Introduction

Eukaryotic genomes are densely interspersed with tandem repeats termed microsatellites or simple sequence repeats (SSR) (Hamada et al., 1982; Tautz & Renz, 1984; Tautz et al., 1986; Weber & May, 1989). These are short DNA sequence motifs (usually 2–5 bp long) that occur at multiple sites (Beckmann & Weber, 1992; Wang et al., 1994; Field & Wills, 1996) and reveal a high degree of allelic diversity which can be typed via the polymerase chain reaction (Schlotterer et al., 1991). Analysis of SSRs provides a codominant, highly reproducible and genetically informative marker system. However, this method is quite labour-intensive because complete sequence information is necessary to design primers for the single-copy sequences flanking the microsatellites being scored.

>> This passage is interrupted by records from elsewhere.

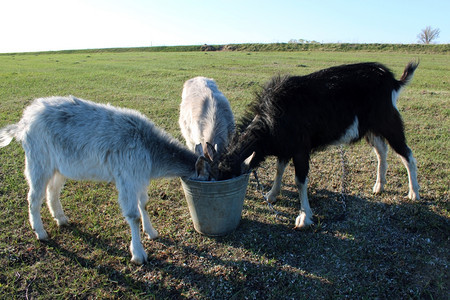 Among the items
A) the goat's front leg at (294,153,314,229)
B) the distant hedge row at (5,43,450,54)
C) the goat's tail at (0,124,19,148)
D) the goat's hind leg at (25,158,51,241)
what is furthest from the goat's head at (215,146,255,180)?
the distant hedge row at (5,43,450,54)

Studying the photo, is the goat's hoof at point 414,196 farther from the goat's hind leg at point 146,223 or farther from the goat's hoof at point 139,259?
the goat's hoof at point 139,259

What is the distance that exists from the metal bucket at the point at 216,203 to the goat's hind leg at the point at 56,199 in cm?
171

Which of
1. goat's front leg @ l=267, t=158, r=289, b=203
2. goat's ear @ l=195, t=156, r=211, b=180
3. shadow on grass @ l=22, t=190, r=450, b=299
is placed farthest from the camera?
goat's front leg @ l=267, t=158, r=289, b=203

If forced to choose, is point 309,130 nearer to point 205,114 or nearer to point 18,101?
point 205,114

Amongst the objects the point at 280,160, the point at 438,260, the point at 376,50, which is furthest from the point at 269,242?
the point at 376,50

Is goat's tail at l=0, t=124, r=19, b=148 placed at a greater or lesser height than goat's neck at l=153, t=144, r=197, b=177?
greater

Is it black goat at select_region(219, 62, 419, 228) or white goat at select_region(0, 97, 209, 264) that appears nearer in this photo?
white goat at select_region(0, 97, 209, 264)

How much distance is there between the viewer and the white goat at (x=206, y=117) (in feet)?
14.7

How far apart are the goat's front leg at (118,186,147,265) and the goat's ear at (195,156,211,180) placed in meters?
0.75

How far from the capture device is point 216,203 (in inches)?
144

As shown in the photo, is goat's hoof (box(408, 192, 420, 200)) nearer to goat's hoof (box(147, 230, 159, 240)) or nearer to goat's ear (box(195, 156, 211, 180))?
goat's ear (box(195, 156, 211, 180))

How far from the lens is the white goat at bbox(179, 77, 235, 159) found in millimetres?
4473

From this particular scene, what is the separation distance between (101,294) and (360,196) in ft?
12.1

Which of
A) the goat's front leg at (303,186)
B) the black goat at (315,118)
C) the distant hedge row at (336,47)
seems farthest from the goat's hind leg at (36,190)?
the distant hedge row at (336,47)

As PCR technology finds increased use in genetic analysis, additional novel variations of this technique are emerging. PCR analysis using anchored simple sequence repeat primers has gained attention recently as an alternative means of characterizing complex genomes. This approach employs oligonucleotides based on an SSR anchored at either the 5′ or 3′ end with two to four purine or pyrimidine residues, to initiate PCR amplification of genomic segments flanked by inversely orientated, closely spaced microsatellite repeats (Zietkiewicz et al., 1994). The PCR products thus generated reveal multiple polymorphic products which can be resolved on a single high resolution polyacrylamide gel. The Inter-SSR-PCR (ISSR-PCR) strategy is especially attractive because it avoids the need to carry out costly cloning and sequencing inherent in the original microsatellite-based approach. Moreover, locus-specific probes and microsatellite-containing sequences of interest can be developed by isolating and cloning or reamplifying individual bands (Wu et al., 1994; Zietkiewicz et al., 1994). ISSR-PCR has been profitably used for genetic linkage analysis of various plant species (Kantety et al., 1995; Charters et al., 1996; Provan et al., 1996; Tsumura et al., 1996). Furthermore, the technique of ISSR amplification is sensitive enough even to differentiate between closely related individuals (Zietkiewicz et al., 1994).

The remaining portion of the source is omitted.